What to work on – Transcribe the entries below exactly, starting with the line that has "Leikur Indversku Traktor Búgarðarsímúlator á netinu Leikur" and stopping after the line that has "Narstad Scrapper - Avacyn Restored - NM"; no pictures belong in the copy.

Material provided –
☆ ☆ ☆

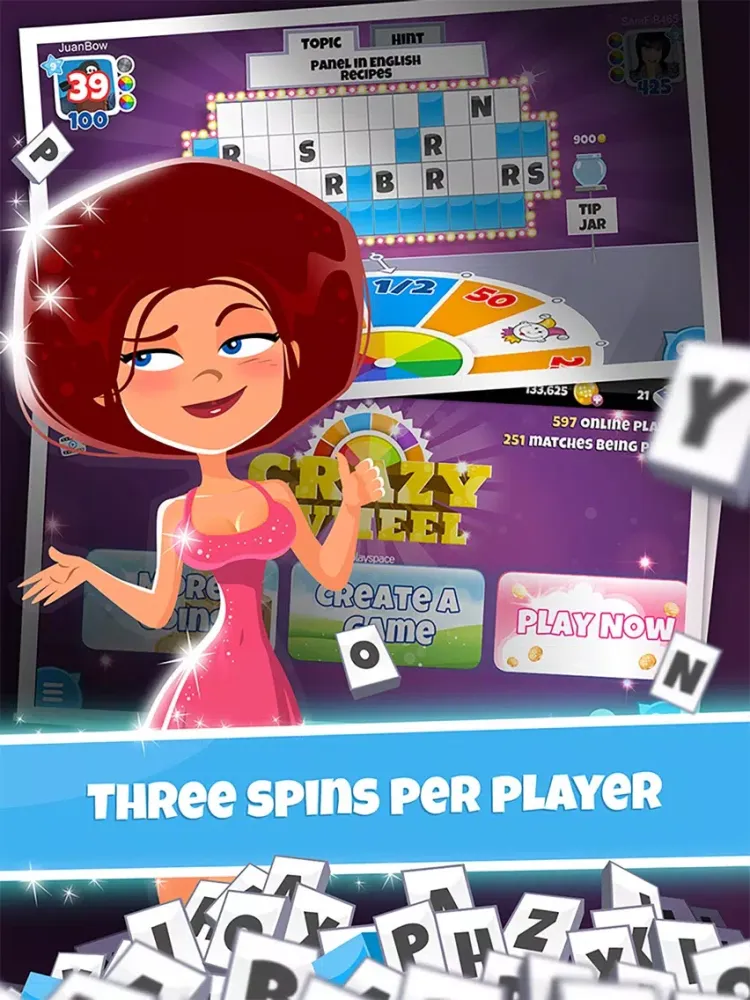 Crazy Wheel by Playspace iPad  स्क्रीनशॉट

☆ ☆ ☆

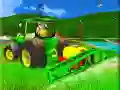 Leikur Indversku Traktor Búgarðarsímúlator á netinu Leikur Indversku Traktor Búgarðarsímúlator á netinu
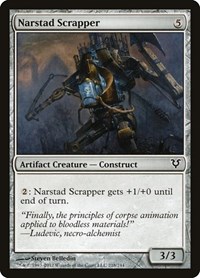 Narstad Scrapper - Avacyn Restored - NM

☆ ☆ ☆

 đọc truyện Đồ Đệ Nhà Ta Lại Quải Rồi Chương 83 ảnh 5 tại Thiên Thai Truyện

☆ ☆ ☆

Response to this task –
 Leikur Indversku Traktor Búgarðarsímúlator á netinu Leikur Indversku Traktor Búgarðarsímúlator á netinu
 Narstad Scrapper - Avacyn Restored - NM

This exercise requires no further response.